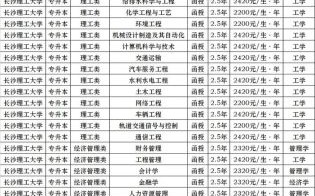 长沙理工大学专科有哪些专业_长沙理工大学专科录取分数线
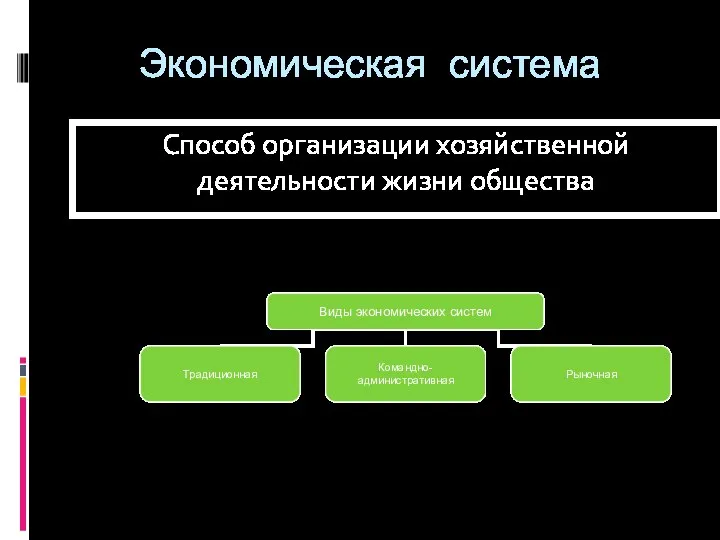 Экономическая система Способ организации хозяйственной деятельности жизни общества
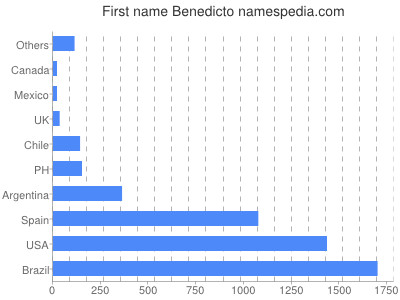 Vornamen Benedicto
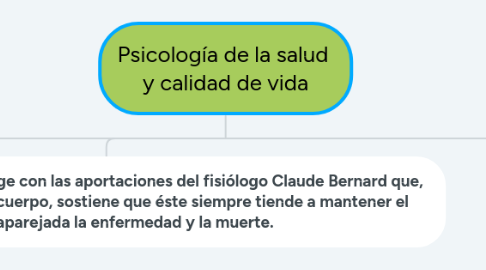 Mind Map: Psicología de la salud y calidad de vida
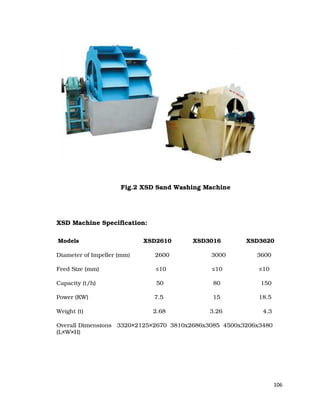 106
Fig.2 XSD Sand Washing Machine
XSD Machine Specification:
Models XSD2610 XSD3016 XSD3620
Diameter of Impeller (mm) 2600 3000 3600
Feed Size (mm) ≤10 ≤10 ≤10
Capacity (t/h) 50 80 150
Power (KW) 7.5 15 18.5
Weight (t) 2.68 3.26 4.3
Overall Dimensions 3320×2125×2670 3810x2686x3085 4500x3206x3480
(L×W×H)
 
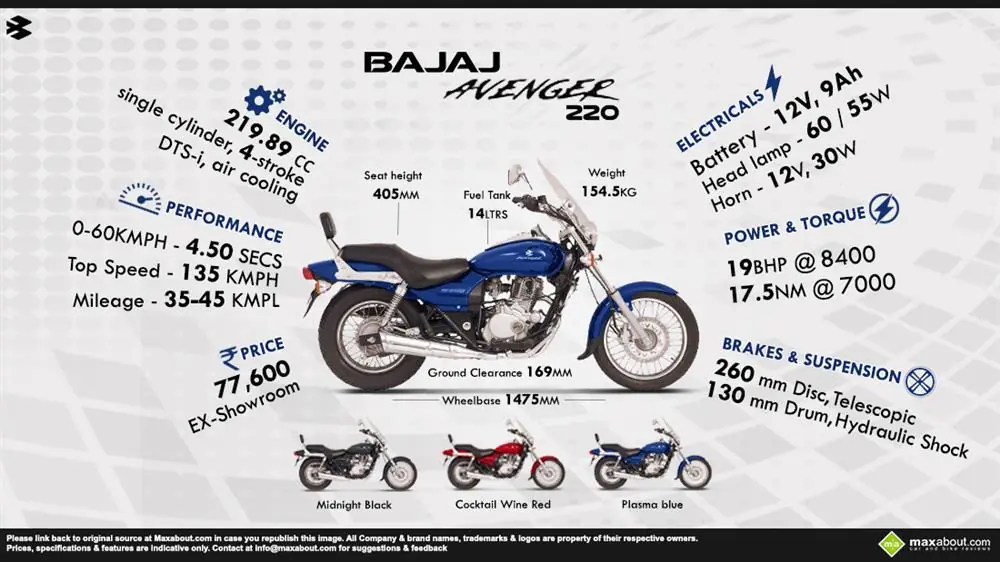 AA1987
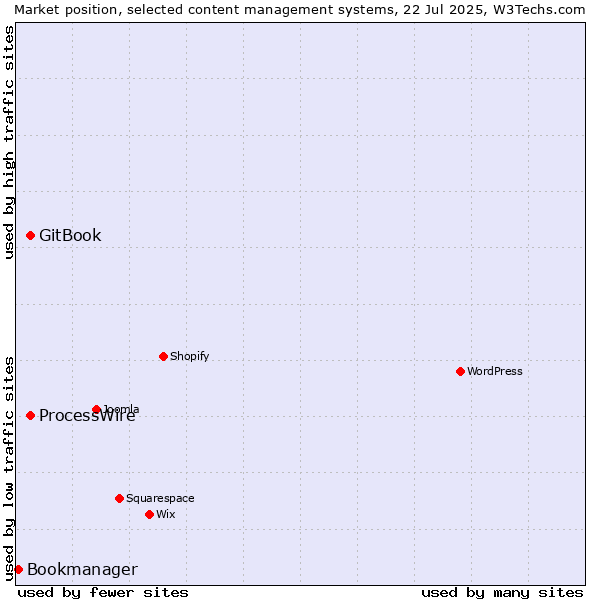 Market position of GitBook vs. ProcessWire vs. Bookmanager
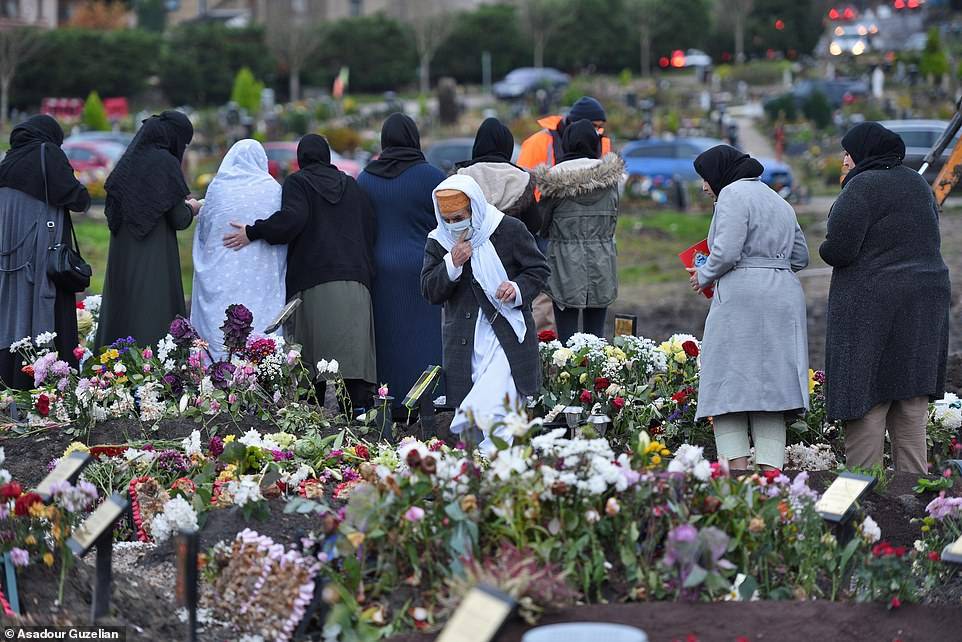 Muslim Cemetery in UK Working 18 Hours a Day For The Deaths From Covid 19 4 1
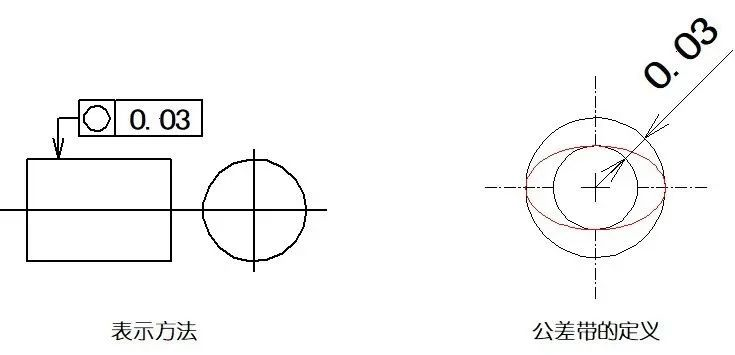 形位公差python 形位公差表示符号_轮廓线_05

************

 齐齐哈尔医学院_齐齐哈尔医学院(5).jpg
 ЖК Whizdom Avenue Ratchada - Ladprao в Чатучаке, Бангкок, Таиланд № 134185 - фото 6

************

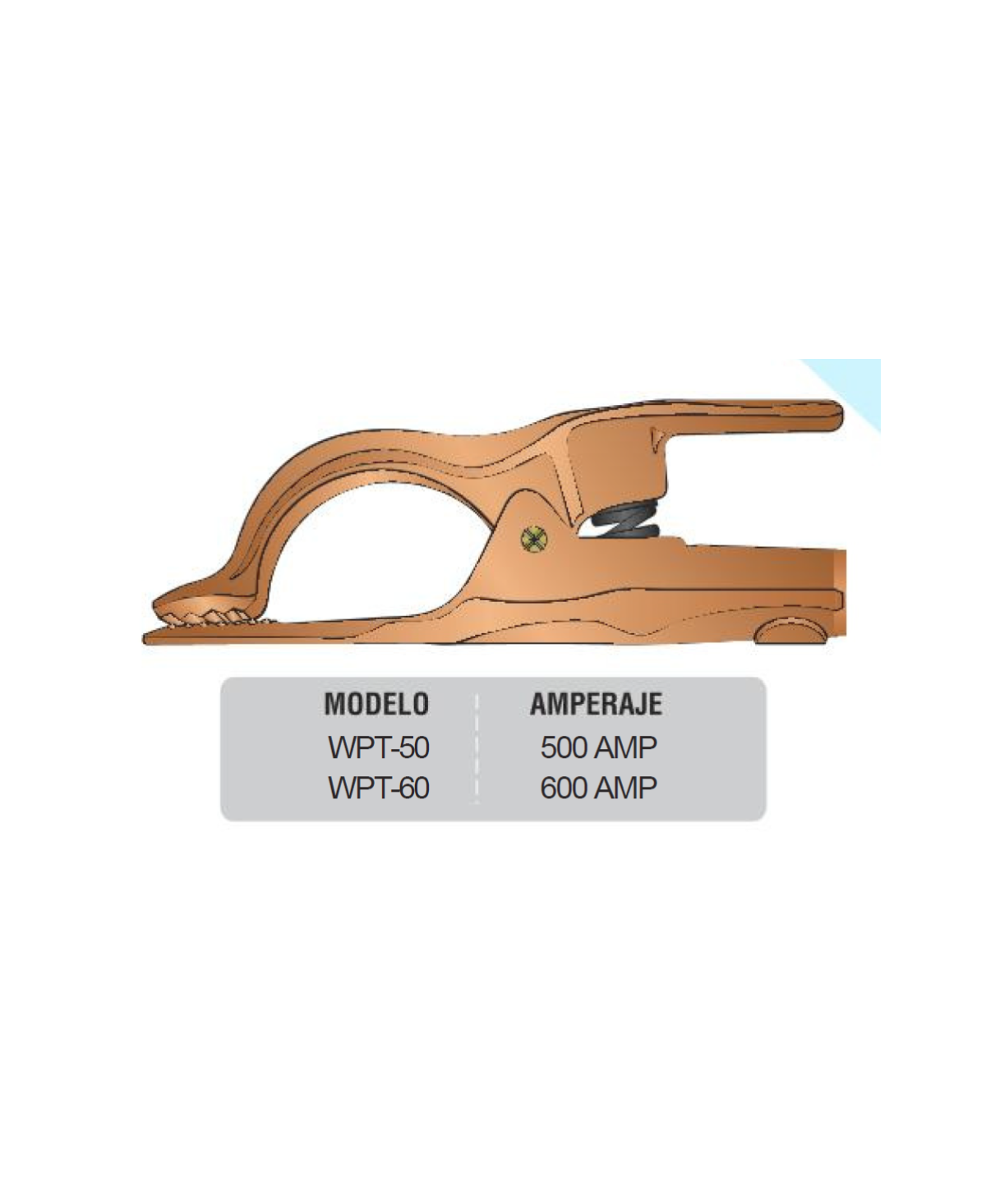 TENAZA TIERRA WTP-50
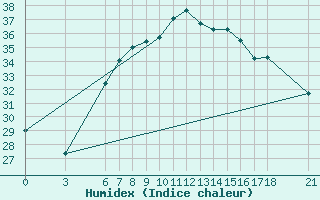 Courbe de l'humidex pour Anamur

************

• _Directions for this task_
Your answer must be the lines above from the one holding "长沙理工大学专科有哪些专业_长沙理工大学专科录取分数线" up to and including the one holding "形位公差python 形位公差表示符号_轮廓线_05", exact and with no pictures.

• _Solved exercise_
 长沙理工大学专科有哪些专业_长沙理工大学专科录取分数线
 Экономическая система Способ организации хозяйственной деятельности жизни общества
 Vornamen Benedicto
 Mind Map: Psicología de la salud y calidad de vida
 106
Fig.2 XSD Sand Washing Machine
XSD Machine Specification:
Models XSD2610 XSD3016 XSD3620
Diameter of Impeller (mm) 2600 3000 3600
Feed Size (mm) ≤10 ≤10 ≤10
Capacity (t/h) 50 80 150
Power (KW) 7.5 15 18.5
Weight (t) 2.68 3.26 4.3
Overall Dimensions 3320×2125×2670 3810x2686x3085 4500x3206x3480
(L×W×H)
 
 AA1987
 Market position of GitBook vs. ProcessWire vs. Bookmanager
 Muslim Cemetery in UK Working 18 Hours a Day For The Deaths From Covid 19 4 1
 形位公差python 形位公差表示符号_轮廓线_05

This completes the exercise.